GUEST OPINION BY MICHELLE HIGGINBOTHAM,
VICE PRESIDENT OF THE ENOS PARK NEIGHBORHOOD IMPROVEMENT ASSOCIATION.
If you’ve followed the local news recently, you’ve probably seen coverage of the plan to bring high speed rail to Springfield and the current proposal to locate it on the Third St. corridor. You may have even seen protestors lining the streets on your way home from work, or received an invitation to a “Rail Rally.” Since Amtrak and freight trains already operate on the Third St. corridor, it may be hard to understand why so many groups oppose the current proposal. After all, isn’t high speed rail a sign of progress? Doesn’t the construction of it create jobs and bring economic growth to our city? What’s the big deal?
Three distinct railway corridors dissect the city of Springfield, which is highly unusual for a city of our size, and each corridor is owned by a different company. The corridor along Third Street is owned by Union Pacific, who is slated to receive more than 2 billion dollars in federal stimulus money earmarked for high-speed rail. However, the primary increase in trains will be additional freight, and Union Pacific held a groundbreaking ceremony last week for a new distribution center in Joliet. A second set of tracks will be needed to accommodate the additional freight trains. The question now is where the second set of tracks will be placed, and which corridor will become the primary rail line for the city.
This is a decision which will affect the citizens of Springfield for generations to come, and we believe it is a decision that should not be made lightly. By IDOT’s own standards, an Environmental Impact Study is supposed to be conducted to compare the effects of using Third St. or 10th St. as the primary rail corridor, but now IDOT insists that there is no time to study the issue. IDOT is also required by Public Act 93-0545 to engage the citizens of a project in "early and ongoing" collaboration to ensure that the values and needs of the affected communities are identified and carefully considered. IDOT and Union Pacific signed a memorandum of understanding for this project back in May, but it has only been recently that the citizens of Springfield have been made aware of this proposal, and now we are being told it is a done deal and there is no time for study or discussion.
Although the city and county have hoped for years to eventually be able to consolidate the rail lines along the 10th St. corridor, there are strong feelings on all sides of this issue. We believe that makes it all the more important for our elected officials to engage in dialogue with the citizens of this community about how the various proposals will impact us. To date, Senator Durbin has not been receptive to discussions with Mayor Davlin, County Board Chair Andy Van Meter, Chamber of Commerce President Gary Plummer, and others. Local officials understand the dramatic impact that this rail plan will have on our community, but our federal officials are turning a deaf ear, and this is a public project funded with taxpayer money!

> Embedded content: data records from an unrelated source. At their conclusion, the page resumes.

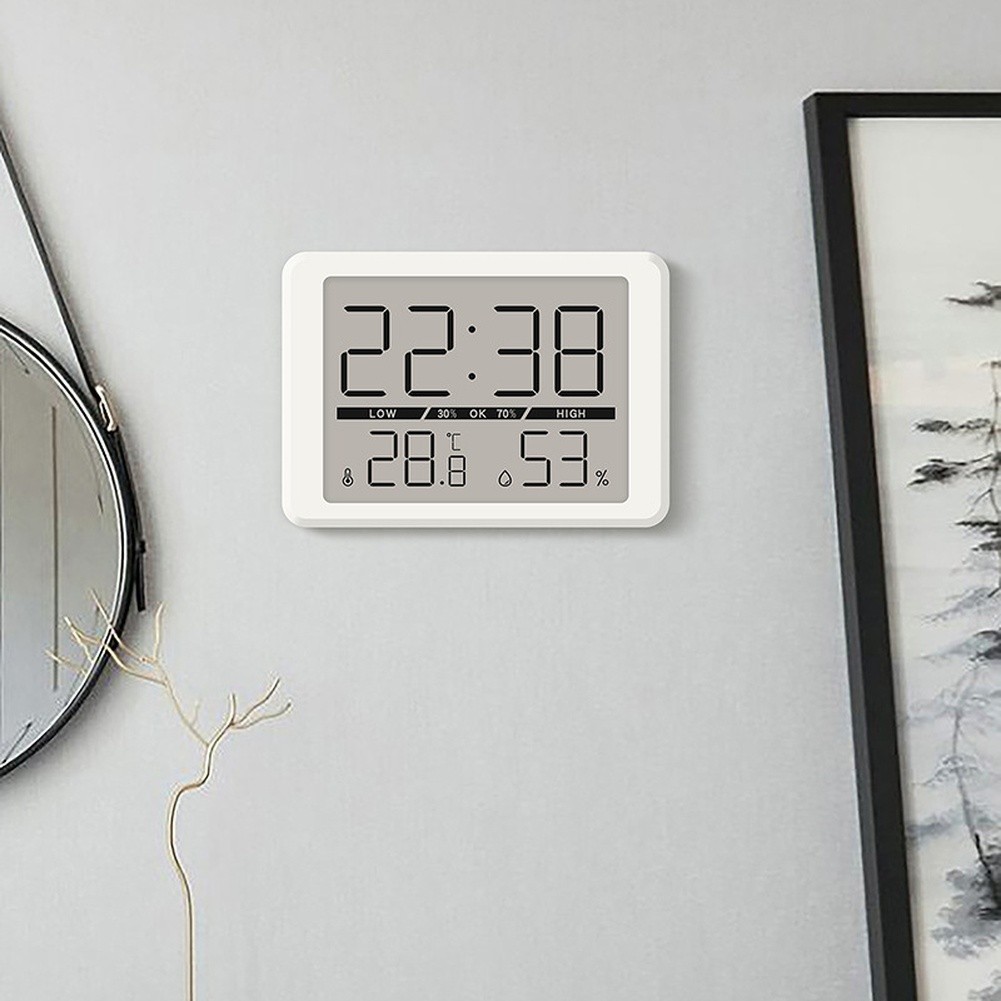 Digital LCD Wall Clock with Magnetic Mount Temp Humidity Display 10mm Profile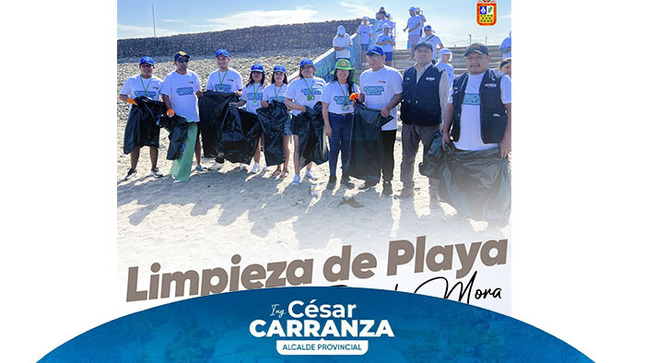 El día de hoy la Municipalidad de Chincha, en coordinación con la municipalidad del distrito de tambo de mora, realizó una jornada de limpieza en la playa cruz verde, con la finalidad de tener playas limpias al ser un balneario muy concurrido por los bañistas este verano.
El equipo del programa educca de la comuna provincial, junto a los jóvenes voluntarios y participantes quienes desempeñaron un papel fundamental en esta tarea, denominado salva playa, demostrando que la unión de la comunidad puede marcar la diferencia. 
Sigamos trabajando juntos para preservar la belleza de Chincha, juntos a sus playas con el compromiso mutuo al cuidado del medio ambiente.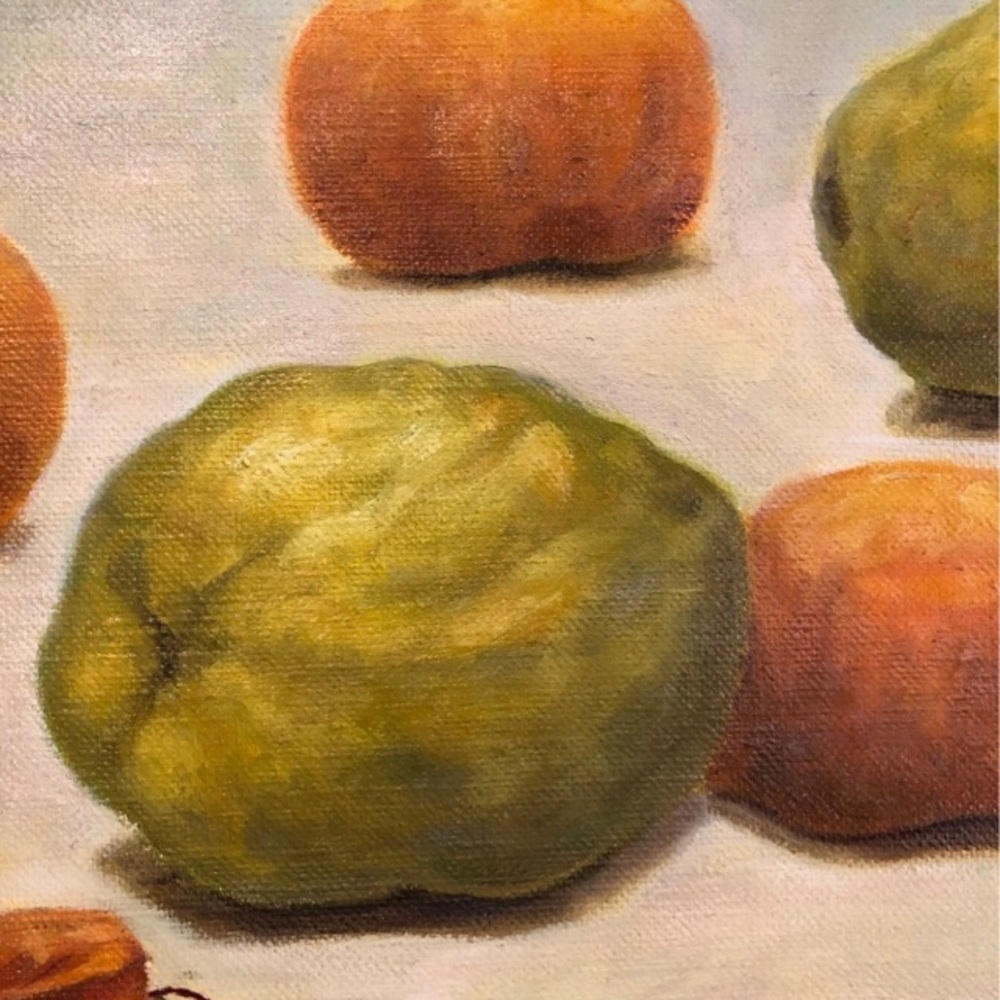 Unique Still-Life Painting: Persimmons, Chinese Quince, and Ground Cherries - Picture 5 of 5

Political pressure comes from the people. Contact Senator Durbin and Governor Quinn and insist they get Union Pacific and Norfolk Southern to the table to negotiate an agreement that will allow both companies to improve their operations in the manner that will be the least disruptive to the citizens of Springfield.
Legal pressure comes from groups filing class action suits or seeking an injunction to slow down the process, or correct violations of state and/or federal law. Contact Ray LaHood (USDOT), Administrator Szabo (FRA), and Secretary Hannig (IDOT) to ask them to follow and enforce all rules and regulations as related to the selection of eligible projects for stimulus funds.
Above all, pray for the elected officials involved in making these critical decisions, and especially pray for the opportunity to engage in open dialogue with the people who will be most impacted. No matter where the rail line is ultimately located, there will be homes and businesses affected. This is not an issue that is specific to one neighborhood or one part of Springfield- it affects all of us. Rather than using this as one more way of dividing the citizens of this city, let this be an opportunity for us to come together around a common cause.
You are all sons of God through faith in Christ Jesus, for all of you who were baptized into Christ have clothed yourselves with Christ. There is neither Jew nor Greek, slave nor free, male nor female, for you are all one in Christ Jesus. (Galatians 3:26-28)
Michelle Higginbotham is Vice President of the Enos Park Neighborhood Improvement Association.